What are protocol buffers?
Protocol buffers are a flexible, efficient, automated mechanism for serializing structured data – think XML, but smaller, faster, and simpler. You define how you want your data to be structured once, then you can use special generated source code to easily write and read your structured data to and from a variety of data streams and using a variety of languages. You can even update your data structure without breaking deployed programs that are compiled against the "old" format.

How do they work?
You specify how you want the information you're serializing to be structured by defining protocol buffer message types in .proto files. Each protocol buffer message is a small logical record of information, containing a series of name-value pairs. Here's a very basic example of a .proto file that defines a message containing information about a person:

message Person {
required string name = 1;
required int32 id = 2;
optional string email = 3;

enum PhoneType {
MOBILE = 0;
HOME = 1;
WORK = 2;
}

message PhoneNumber {
required string number = 1;
optional PhoneType type = 2 [default = HOME];
}

repeated PhoneNumber phone = 4;
}
As you can see, the message format is simple – each message type has one or more uniquely numbered fields, and each field has a name and a value type, where value types can be numbers (integer or floating-point), booleans, strings, raw bytes, or even (as in the example above) other protocol buffer message types, allowing you to structure your data hierarchically.
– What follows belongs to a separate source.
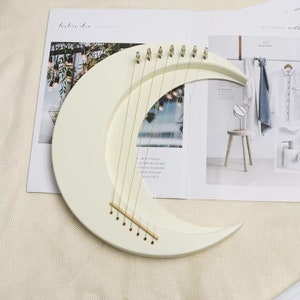 7 strings Lyre, mini wooden white moon harp, great music gift for children, for Lyre beginners image 5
You can specify optional fields, required fields, and repeated fields. You can find more information about writing .proto files in the Protocol Buffer Language Guide.
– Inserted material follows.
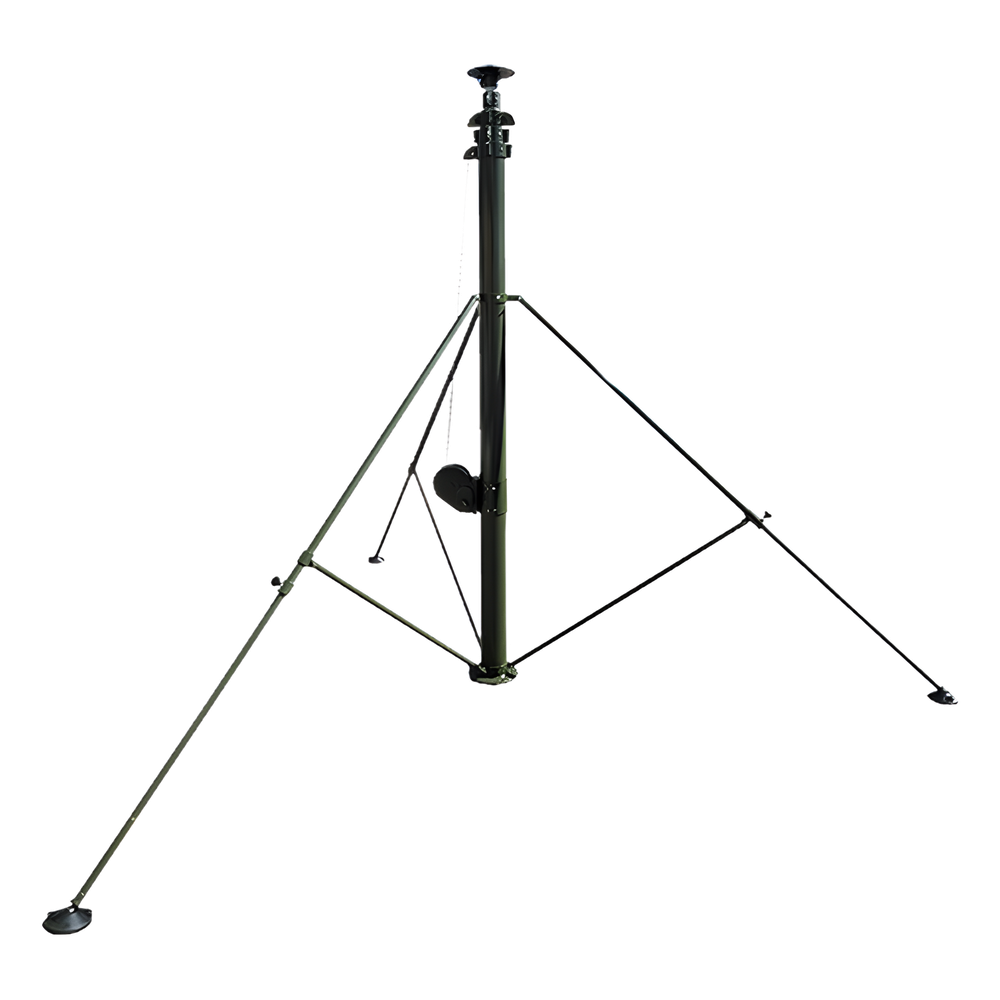 Mástil Telescópico Retraible Manual de 9 metros con Accesorios. Incluye Tripie.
Once you've defined your messages, you run the protocol buffer compiler for your application's language on your .proto file to generate data access classes. These provide simple accessors for each field (like query() and set_query()) as well as methods to serialize/parse the whole structure to/from raw bytes – so, for instance, if your chosen language is C++, running the compiler on the above example will generate a class called Person. You can then use this class in your application to populate, serialize, and retrieve Person protocol buffer messages. You might then write some code like this:

Person person;person.set_name("John Doe");person.set_id(1234);person.set_email("jdoe@example.com");fstream output("myfile", ios::out | ios::binary);person.SerializeToOstream(&output);Then, later on, you could read your message back in:

fstream input("myfile", ios::in | ios::binary);Person person;person.ParseFromIstream(&input);cout << "Name: " << person.name() << endl;cout << "E-mail: " << person.email() << endl;You can add new fields to your message formats without breaking backwards-compatibility; old binaries simply ignore the new field when parsing. So if you have a communications protocol that uses protocol buffers as its data format, you can extend your protocol without having to worry about breaking existing code.

You'll find a complete reference for using generated protocol buffer code in the API Reference section, and you can find out more about how protocol buffer messages are encoded in Protocol Buffer Encoding.

Why not just use XML?
Protocol buffers have many advantages over XML for serializing structured data. Protocol buffers:

are simpler
are 3 to 10 times smaller
are 20 to 100 times faster
are less ambiguous
generate data access classes that are easier to use programmatically
For example, let's say you want to model a person with a name and an email. In XML, you need to do:

<person>
<name>John Doe</name>
<email>jdoe@example.com</email>
</person>while the corresponding protocol buffer message definition (in protocol buffer text format) is:

person {
name = "John Doe"
email = "jdoe@example.com"
}In binary format, this message would probably be 28 bytes long and take around 100-200 nanoseconds to parse. The XML version is at least 69 bytes (if you remove whitespace) and would take around 5,000-10,000 nanoseconds to parse.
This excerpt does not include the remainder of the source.